Data block START

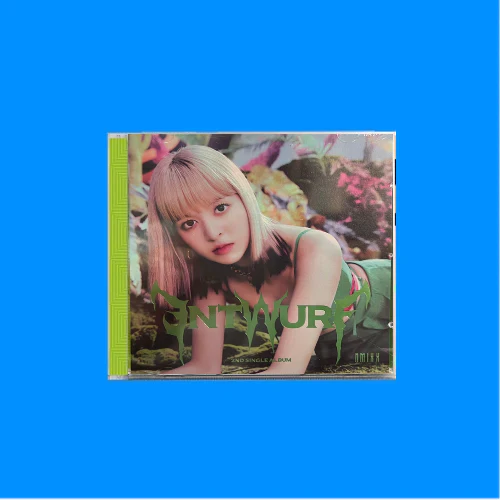 NMIXX - 2nd SINGLE ALBUM : ENTWURF [Jewel Case Ver.] - Image 4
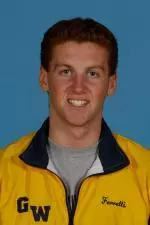 Sophomore Dan Mahoney finished first in the 200-yard IM.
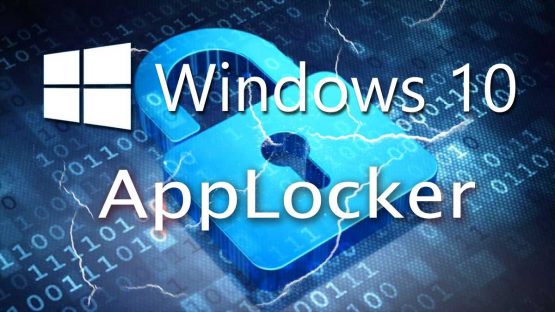 Microsoft Windows 10 Enterprise 4 تصویر اپ لاکر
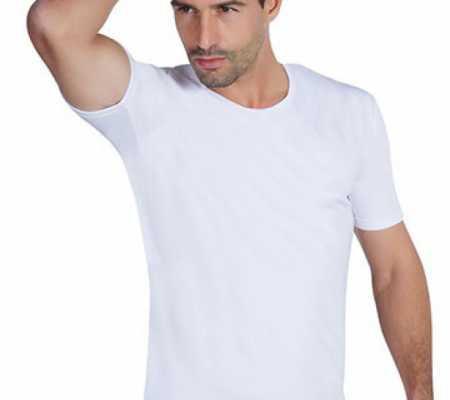 T-Shirt Intimo Mezza Manica Termica Uomo Ysabel Mora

Data block END

[Your assignment]
Word for word, quote the full listing, omitting every picture.

[Output for this task]
 NMIXX - 2nd SINGLE ALBUM : ENTWURF [Jewel Case Ver.] - Image 4
 Sophomore Dan Mahoney finished first in the 200-yard IM.
 Microsoft Windows 10 Enterprise 4 تصویر اپ لاکر
 T-Shirt Intimo Mezza Manica Termica Uomo Ysabel Mora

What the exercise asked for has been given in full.